Understanding the Risks of Debit Cards
Debit cards are quickly replacing cash and checks as a convenient way to pay for purchases. While quick and easy, debits cards are not without risk, so be sure to take necessary precautions. Here is what the Colorado Society of CPAs says you need to know to manage your use of debit cards.
Dispute resolution differs for debit cards
When you purchase an item with a credit card and that item turns out to be defective, you have a right to withhold payment until the issue is resolved. This right is protected under the Fair Credit Billing Act. In merchant disputes, dissatisfied debit card customers don't have the same protection.
Since your debit purchase is deducted from your account at or shortly after the time of purchase, you're on your own if something goes wrong with the purchase. The bank won't redeposit the money in your account for items that fail to be delivered, are of poor quality, or don't work. Debit cards may be a great way to pay for gasoline or groceries, but for big-ticket items, it's wiser to use a credit card.

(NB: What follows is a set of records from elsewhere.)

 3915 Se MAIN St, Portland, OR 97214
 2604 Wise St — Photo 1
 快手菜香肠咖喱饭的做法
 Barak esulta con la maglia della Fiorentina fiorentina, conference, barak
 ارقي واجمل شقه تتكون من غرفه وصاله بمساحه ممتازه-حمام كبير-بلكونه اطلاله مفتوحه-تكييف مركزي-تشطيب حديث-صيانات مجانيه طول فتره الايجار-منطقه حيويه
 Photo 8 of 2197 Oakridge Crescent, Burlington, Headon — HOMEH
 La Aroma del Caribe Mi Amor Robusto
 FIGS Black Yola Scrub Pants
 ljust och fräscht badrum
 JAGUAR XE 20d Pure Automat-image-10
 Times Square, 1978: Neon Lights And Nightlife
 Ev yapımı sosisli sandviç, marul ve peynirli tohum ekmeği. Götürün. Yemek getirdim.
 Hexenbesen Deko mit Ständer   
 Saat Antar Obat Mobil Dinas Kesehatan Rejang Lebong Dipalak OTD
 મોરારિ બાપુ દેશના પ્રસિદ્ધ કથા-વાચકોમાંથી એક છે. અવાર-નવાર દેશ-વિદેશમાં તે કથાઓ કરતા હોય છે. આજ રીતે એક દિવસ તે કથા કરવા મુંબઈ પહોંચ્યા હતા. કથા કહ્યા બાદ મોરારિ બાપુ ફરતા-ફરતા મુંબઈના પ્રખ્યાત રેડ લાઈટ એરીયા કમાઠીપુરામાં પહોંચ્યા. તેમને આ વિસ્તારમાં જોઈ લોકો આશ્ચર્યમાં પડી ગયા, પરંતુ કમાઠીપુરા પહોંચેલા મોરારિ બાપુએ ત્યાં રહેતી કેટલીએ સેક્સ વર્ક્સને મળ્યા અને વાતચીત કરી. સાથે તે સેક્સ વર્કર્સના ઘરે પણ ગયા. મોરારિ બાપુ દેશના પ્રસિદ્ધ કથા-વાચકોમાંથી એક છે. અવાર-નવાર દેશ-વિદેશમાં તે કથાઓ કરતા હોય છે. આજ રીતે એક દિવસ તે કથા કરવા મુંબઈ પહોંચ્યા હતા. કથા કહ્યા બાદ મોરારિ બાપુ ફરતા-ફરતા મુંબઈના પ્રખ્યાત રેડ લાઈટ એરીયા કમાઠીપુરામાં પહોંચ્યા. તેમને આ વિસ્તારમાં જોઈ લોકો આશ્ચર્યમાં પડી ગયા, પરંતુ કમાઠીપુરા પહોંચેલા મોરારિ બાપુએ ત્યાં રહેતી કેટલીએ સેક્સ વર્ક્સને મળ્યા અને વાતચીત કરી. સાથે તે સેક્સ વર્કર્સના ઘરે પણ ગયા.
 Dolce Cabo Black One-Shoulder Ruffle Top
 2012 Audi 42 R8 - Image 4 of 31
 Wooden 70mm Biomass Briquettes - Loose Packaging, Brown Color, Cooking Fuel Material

Liability protection puts the burden on the card holder
If someone misuses your credit card, your maximum liability under federal law for unauthorized use is $50. The regulations that protect you from fraudulent use of your debit card are not as user friendly. With a debit card, your liability, under federal law, for unauthorized use depends on how quickly you report that your card has been lost or stolen.
For example, if you report the loss within two business days after you realize your card is missing, you will not be responsible for more than $50 of unauthorized use. Your liability increases to $500 if the lost or stolen debit card is reported within 60 days.
Failure to report unauthorized use within 60 days after your bank mails you the statement will cause you to face unlimited loss. This means you can lose all the money in your bank account and, perhaps, the unused portion of any line of credit established for overdrafts.